Yes, to be like Cameron, or rather, to have the mindset of a child. And what is that? Trusting, believing, carefree, simplicity. Faith. How many of us as adults really live like that? God says… but do we believe Him? For a child it is so, so easy. God says… but oh, how many of us worry. God says… but oh, how we don’t want to let go of anything. God says… what? How many things? And yet, how much easier life might be if we did and really could live like that, “with the mindset of a child,” trusting, believing, and God as our Heavenly Father who always, always is looking out for us. Who always, always has our best interest at heart. Who always, always loves us and sees us just like that, perhaps as we truly are; His little children. At least I like to think that’s how God sees us and from what I’ve read in His Word I think that’s a pretty good assessment.
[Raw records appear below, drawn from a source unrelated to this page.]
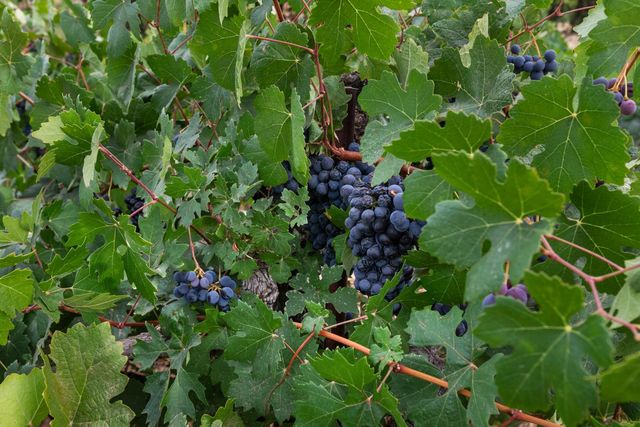 10880 Valley Drive, Plymouth, CA 95669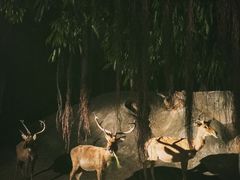 -清迈夜间动物园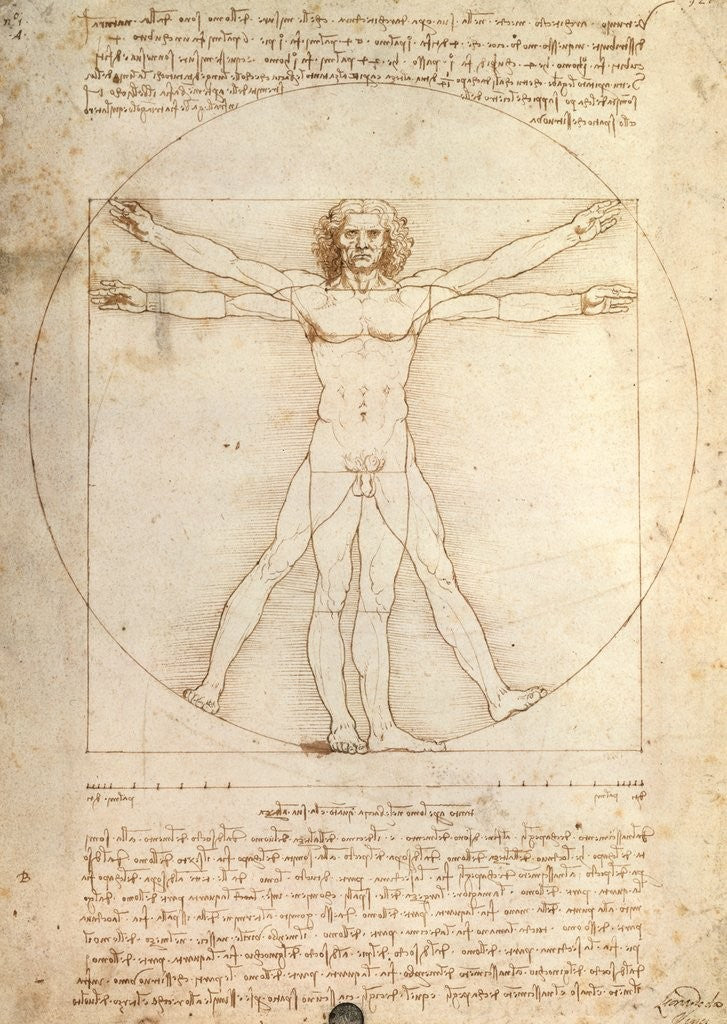 PUZLE DA VINCI: EL HOMBRE DE VITRUVIO (1000 PZAS) - Ravensburger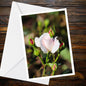 White Rose Greeting Card – Pale Blush Photo with Red Buds (A6)
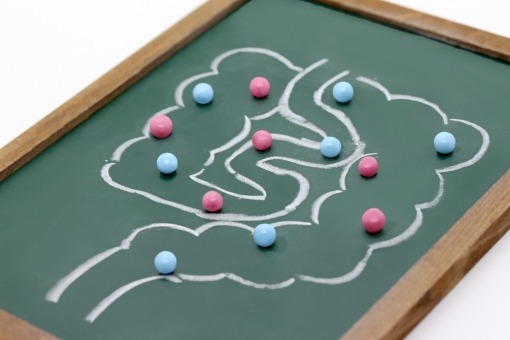 【免疫力】を高めましょう②の画像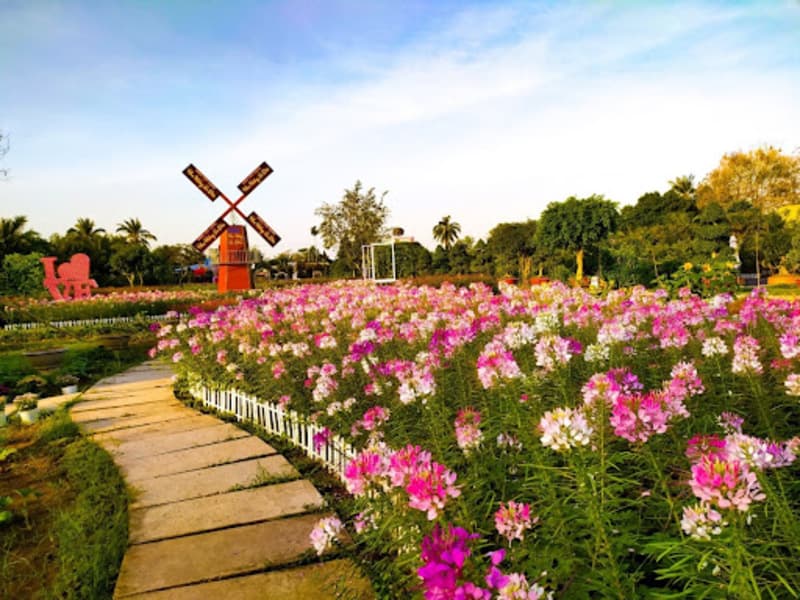 Làng hoa Tân Quy Đông main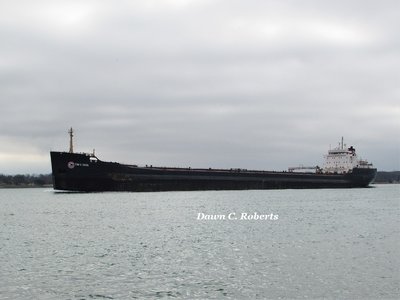 Tim S. Dool (Superior) passing the Corunna fuel dock.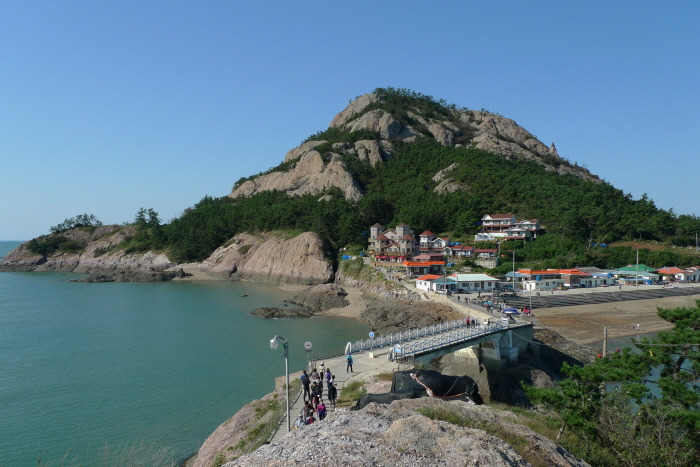 대장도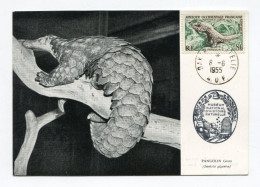 !!! AOF CARTE MAXIMUM PANGOLIN CACHET DE DAKAR DU 8/6/1955 - Cartas & Documentos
In His eyes we can chase puppies, ring doorbells and who knows what else, and does not God expect it? Maybe like the loving parent, He can look past all our imperfections, and sees only the cuteness, the fondness, that feeling where love wells up in your heart and where it came from? Well, only God can answer that question and yes, even sometimes He has to discipline us, but God as loving Father and us as His children… it’s a good thing to dwell on, is it not?
Time. It makes me think of a favorite line from a maybe not so favorite movie of mine, but I loved the line anyway and it’s always stuck with me. “Pretend we’re starting out in life, instead of ending up.” And what do I take from that? That no matter what or where you’re at in life, whether it’s something you always wanted to do, become, a relationship you’ve been wanting to mend or, even your relationship with God, no matter what it is… “it’s never too late to be early.” God bless!


Thirty nine huh? Well you are a bold soul! Seems like most of you ladies don’t like to publicly acknowledge your age once you pass 30.
Happy belated Birthday Jen, hope you had a wonderful time at Disney World.
I’m watching Battles BC on the History Channel right now and the commentators/Military Historians are analyzing the battles that Moses and Israel engaged in. Aside from the battles, a point that my pastor shared not too long ago concerning the 40 year trek in the desert is that God was using that time to humble the Israelites and to hone Moses’ character.
Grace and peace be with you.
Thanks for the birthday wishes, Christopher… 39 and feeling it, not looking it, but feeling it;) But Disney World was great, getting home at 3 am, not so great, but…
On the topic of Israel’s 40 year wilderness experience… would have to agree. I think I also heard it said once by a pastor of mine (who knows how many eons ago) that, that’s how long it took to get the Egypt out of their hearts and heads. Or, what I like to call a very long “sandpaper” experience – ouch!
Anyway, hope you and your family had a good Easter. God’s blessings!